I babbuini distinguono le parole di senso compiuto da quelle sconclusionate.
Gli scimpanzè ricordano le sequenze numeriche meglio di noi. I bonobo nascondono gli strumenti di lotta come le nazioni gli armamenti.
In Giappone, uno scimpanzé di nome Ayumu, dopo aver osservato una striscia numerica scorrere lungo uno schermo, è stato capace di battere regolarmente gli umani ricordando la sequenza meglio di loro.
E che dire degli orango dello zoo di Miami, che addirittura sanno usare l’iPad? Essere battuti in un test mnemonico è solo uno dei tanti esempi di come la specie umana non sia sempre la più intelligente.
Non è semplice definire l’intelligenza, anche nell’ambito della nostra specie, viste le sue molteplici sfaccettature che vanno al di là di aspetti quali la memoria e il QI.
Individui diversi fanno meglio cose differenti: l’intelligenza è una grandezza relativa e non misurabile e comprende la capacità di piani care, imparare, risolvere problemi, pensare in maniera astratta e afferrare concetti complessi.
Non sorprende, dunque, che la misurazione dell’intelligenza di altri animali rappresenti una vera e propria sfida, soprattutto perché, tradizionalmente, la scienza utilizza test modellati sugli esseri umani per valutare altre specie: invece, se c’è un gruppo che dovrebbe essere adottato come riferimento, è proprio quello delle scimmie.

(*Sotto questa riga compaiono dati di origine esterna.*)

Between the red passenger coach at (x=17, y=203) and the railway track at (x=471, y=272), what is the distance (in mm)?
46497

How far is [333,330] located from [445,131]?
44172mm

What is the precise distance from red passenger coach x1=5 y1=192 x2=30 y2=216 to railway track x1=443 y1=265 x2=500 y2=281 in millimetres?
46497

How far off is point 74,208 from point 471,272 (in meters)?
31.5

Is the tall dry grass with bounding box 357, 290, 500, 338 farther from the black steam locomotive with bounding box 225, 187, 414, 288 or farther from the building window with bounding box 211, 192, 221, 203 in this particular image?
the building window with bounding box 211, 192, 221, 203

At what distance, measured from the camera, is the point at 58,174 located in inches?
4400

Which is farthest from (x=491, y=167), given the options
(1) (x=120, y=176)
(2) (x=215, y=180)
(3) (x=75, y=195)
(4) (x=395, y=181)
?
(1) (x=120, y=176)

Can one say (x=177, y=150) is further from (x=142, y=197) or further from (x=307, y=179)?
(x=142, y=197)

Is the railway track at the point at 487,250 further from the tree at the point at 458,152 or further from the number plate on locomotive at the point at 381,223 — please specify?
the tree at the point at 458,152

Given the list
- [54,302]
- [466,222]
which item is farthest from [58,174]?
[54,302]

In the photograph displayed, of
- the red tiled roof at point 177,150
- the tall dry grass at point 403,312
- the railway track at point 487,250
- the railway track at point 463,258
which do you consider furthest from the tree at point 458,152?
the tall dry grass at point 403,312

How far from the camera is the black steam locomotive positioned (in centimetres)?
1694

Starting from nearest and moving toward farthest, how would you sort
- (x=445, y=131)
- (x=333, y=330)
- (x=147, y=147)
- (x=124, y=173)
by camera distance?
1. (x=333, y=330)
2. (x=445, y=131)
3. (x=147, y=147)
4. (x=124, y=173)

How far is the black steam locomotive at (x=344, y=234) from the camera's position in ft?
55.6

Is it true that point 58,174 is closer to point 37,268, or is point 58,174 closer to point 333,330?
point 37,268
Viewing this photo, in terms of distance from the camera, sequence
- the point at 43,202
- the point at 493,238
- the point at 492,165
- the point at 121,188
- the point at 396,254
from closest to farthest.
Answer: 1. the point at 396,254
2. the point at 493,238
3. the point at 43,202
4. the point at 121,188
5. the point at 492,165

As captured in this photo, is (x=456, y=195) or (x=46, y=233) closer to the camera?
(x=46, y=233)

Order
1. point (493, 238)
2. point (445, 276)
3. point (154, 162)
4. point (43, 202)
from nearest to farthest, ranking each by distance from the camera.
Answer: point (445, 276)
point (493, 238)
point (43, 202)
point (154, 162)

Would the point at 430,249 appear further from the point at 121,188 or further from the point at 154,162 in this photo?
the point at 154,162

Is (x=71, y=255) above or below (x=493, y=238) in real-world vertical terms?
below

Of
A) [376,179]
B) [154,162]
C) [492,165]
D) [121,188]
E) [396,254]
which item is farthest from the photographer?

Tetsuro Matzusawa, professore di linguistica ed esperto di intelligenze presso l’Università di Kyoto, ritiene che possa esserci una spiegazione evolutiva alla base delle straordinarie capacità mnemoniche di Ayumu.
Gli scimpanzé memorizzano gli elementi ambientali molto più velocemente degli esseri umani perché, per sopravvivere, hanno bisogno di valutare le situazioni contingenti con grande immediatezza.
Quando i nostri antenati hanno acquisito competenze verbali, questa capacità ha ceduto il passo alla competenza (più impegnativa in termini cognitivi) della rappresentazione linguistica della memoria, ovvero come riferiamo ad altri le nostre esperienze.
La performance di Ayumu non solo ci obbliga a ripensare la nostra definizione di intelligenza ma suggerisce anche che molti animali abbiano già raggiunto il massimo sviluppo richiesto dall’ambiente che li circonda.
In tutto il Pianeta gli animali stanno dimostrando di possedere doti intellettive ritenute in passato esclusivamente umane, rivelandosi molto più acuti di quanto pensassimo. Vediamo insieme alcuni esempi molto significativi.
1. Megattere e l'uso degli strumenti
Tempo fa l’uso di strumenti era visto come una competenza essenziale per distinguere l’uomo dagli altri animali dal punto di vista delle prestazioni intellettive.
Oggi, però, sappiamo che le lontre si servono di pietre per spaccare i gusci dei crostacei e che i corvi sanno costruire uncini per dissotterrare vermi: l’uso di strumenti è una pratica incredibilmente diffusa nel regno animale.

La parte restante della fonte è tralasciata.